O presidente eleito, Jair Bolsonaro (PSL) confirmou a nomeação do juiz da Lava Jato, Sergio Moro, para o "superministério" da Justiça e Segurança Pública. Além dessas atribuições, a pasta vai absorver as atividades do Ministério da Transparência, Fiscalização e Controle e parte das atividades do Conselho de Controle de Atividades Financeiras (Coaf), hoje subordinado ao Ministério da Fazenda. Segundo Bolsonaro, isso permitirá que Moro tenha informações em tempo real para facilitar o combate à corrupção e ao crime organizado.
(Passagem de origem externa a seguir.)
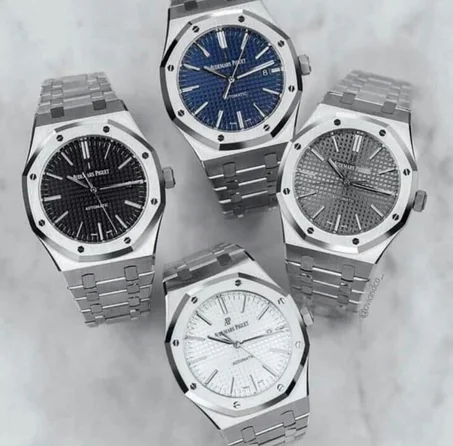 ساعات عصرية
As indicações de que Moro não descartava algum tipo de participação na política ficaram subentendidas na resposta que ele deu ao ser questionado porque não desautorizava o então candidato Alvaro Dias (Podemos) que o apresentava como potencial ministro em caso de vitória. Na ocasião, Moro escreveu uma nota dúbia afirmando que a "recusa ou aceitação" eram inviáveis "no momento", pois poderiam ser interpretadas como indicação de preferências políticas partidárias, o que era "vedado para juízes". Ou seja, a nota arrefecia as suas declarações de dois anos atrás, quando negou, enfaticamente, em entrevista ao jornal O Estado de S. Paulo (5/11/2016), qualquer possibilidade de entrar na política, afirmando que "jamais" faria isso.

O fato é que a decisão de Moro em aceitar a indicação causou surpresa em uma parcela da sociedade brasileira e também na imprensa internacional, que reagiu negativamente. O editor da revista britânica The Economist, Michael Reid, afirmou que o fato de Moro ter aceitado o convite foi "um grande erro", pois, agora "a prisão de Lula parece um ato político". O Financial Time titulou: "Bolsonaro nomeia juiz que mandou prender Lula".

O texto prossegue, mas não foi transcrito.